Telefon konuşma içerikleri açısından ise savcılık ya da mahkeme tarafından iletişimin dinlenilmesi, kaydedilmesi ve değerlendirilmesine yönelik karar verilmesi gerekmekte olup bu yönde bir talep mahkeme tarafından kabul edilmeyecektir. Mahkeme bu kapsamda eğer gerekli görürse HTS olarak adlandırılan ve geçmişe dönük iletişim trafiği olarak bilinen; arayan, aranan numara, arama zamanı, arama yeri, arama süresi, yer ve zaman gibi incelemeler gibi sinyal bilgilerini ifade eden kayıtları ilgili kurumlardan talep edecektir.
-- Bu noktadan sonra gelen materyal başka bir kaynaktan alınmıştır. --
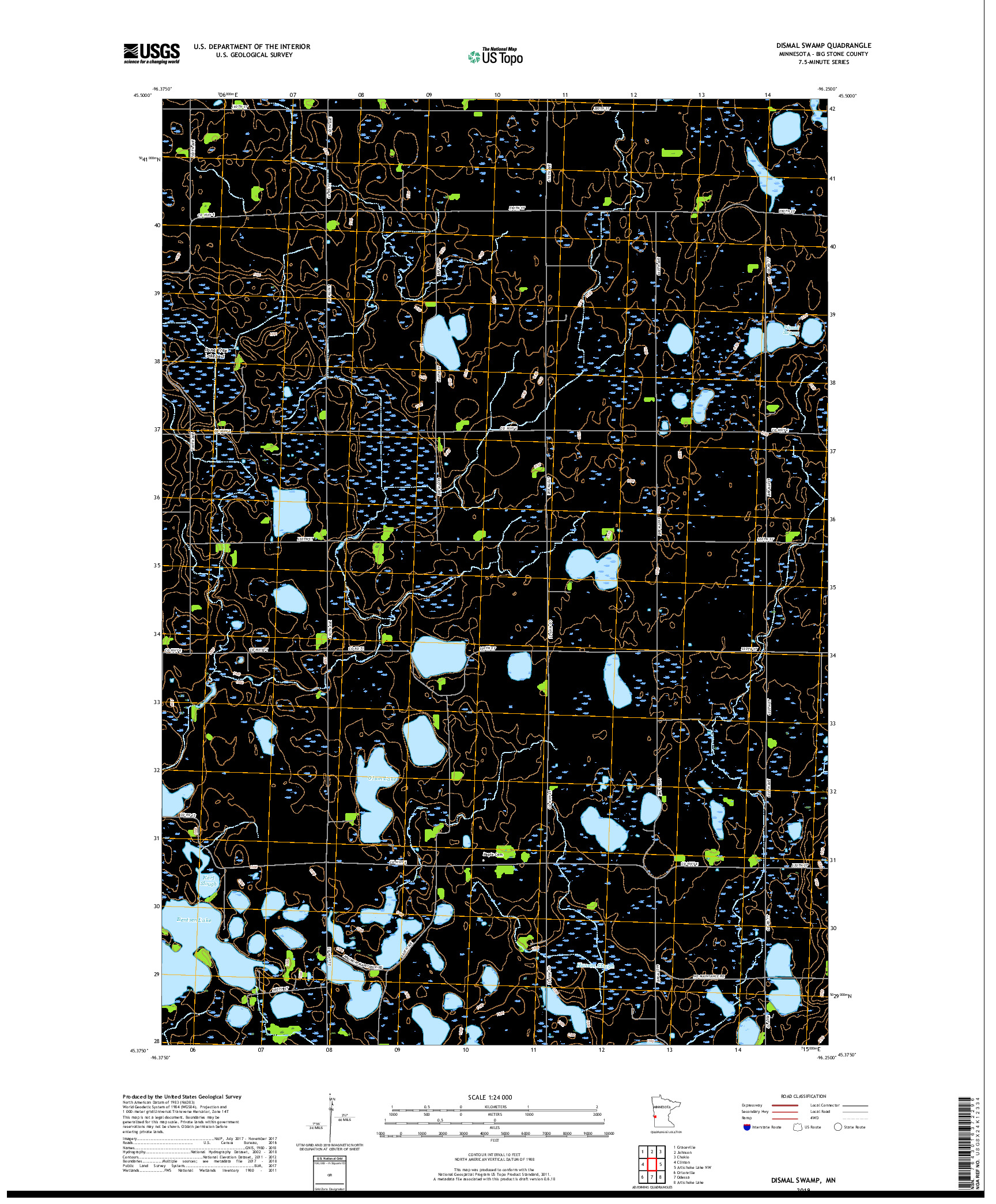USGS US TOPO 7.5-MINUTE MAP FOR DISMAL SWAMP, MN 2019
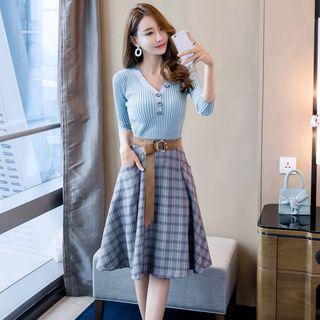 Set: 3/4-sleeve Buttoned Knit Top + Plaid A-line Midi Skirt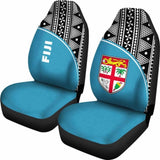 Fiji Tapa Car Seat Covers - Fiji Flag Polynesian White Curve Blue - 105905 - YourCarButBetter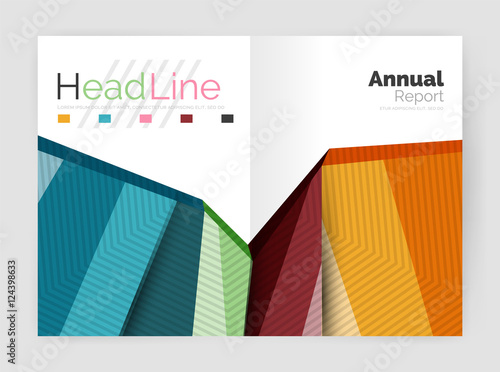 Business abstract geometric financial report brochure template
Kısaca özetlemek gerekirse silinmiş olsun ya da olmasın WhatsApp, instagram, Facebook, twitter gibi sosyal medya araçları aracılığıyla yapılmış konuşma kayıtları, fotoğraf, video gibi içerikler ile telefon konuşma içerikleri taraflarca mahkeme aracılığıyla talep edilmiş olsa da bu talepler reddedilecek ve dosyaya sunulamayacaktır.   

Sosyal Medya Kayıtları Tek Başına Delil Olarak Nitelendirilir mi?

Anayasa ve Hukuk Muhakemeleri Kanununda hukuka uygun olarak elde edilmiş delillerin davada hükme esas alınabileceğini, sosyal medya içeriklerinin belge niteliğinde ve takdiri delil kategorisinde olduğunu daha öncesinde izah etmiştik. Ancak yüksek yargı kararları ışığından sosyal medya kayıtlarının tek başına hükme esas alınıp alınamayacağı konusu üzerinde de durmamız gerekmektedir.

Nitekim Yargıtay önüne birçok uyuşmazlıkta, elektronik ortamdaki fotoğraf,  görüntü veya ses kaydı gibi bilgi taşıyıcılarının tek başına olayların ispatında yeterli olmadığına, diğer delillerle desteklendikleri takdirde delil olarak hükme esas alınacağına karar vererek derece mahkemelerinin aksi yöndeki kararlarını bozmuştur. Örneğin bir davada taraflar arasında boşanma davası devam ederken davacı eş Facebook üzerinden herkese açık olacak bir başka erkekle fotoğraf paylaşımında bulunmuş, davalı eş ise bu fotoğrafı delil olarak sunmuş ancak Yargıtay bu kararında sosyal medya hesabı üzerinden yapılan paylaşımın, boşanmada kusura ve boşanmanın sonuçlarına ilişkin karar vermede tek başına yeterli olmadığına hükmetmiştir.

Boşanma davası ve boşanma avukatı hakkında ayrıntılı bilgi için boşanma avukatı ankara başlıklı makalemizi de okuyabilirsiniz.

BUNU DA BİL; "Sosyal medya bağımlılığı boşanma sebebi olur mu?" başlıklı aşağıdaki videomuzu izlemenizi tavsiye ederiz.

 

Yukarıda da değindiğimiz üzere; Evet, sosyal medya kayıtları delil olarak kabul edilebilir. Ancak, delil niteliğinde olmaları için öncelikle hukuka uygun şekilde elde edilmiş olmaları gerekmektedir. Sosyal medya kayıtlarının delil olarak kabul edilmesi için, bu kayıtların gerçekliğinin ve doğruluğunun ispat edilmesi gerekmektedir. Bu nedenle, sosyal medya kayıtlarının tek başına delil olarak kabul edilmesi mümkün değildir. Diğer delillerle birlikte sunulması ve bu delillerle desteklenmesi gerekmektedir.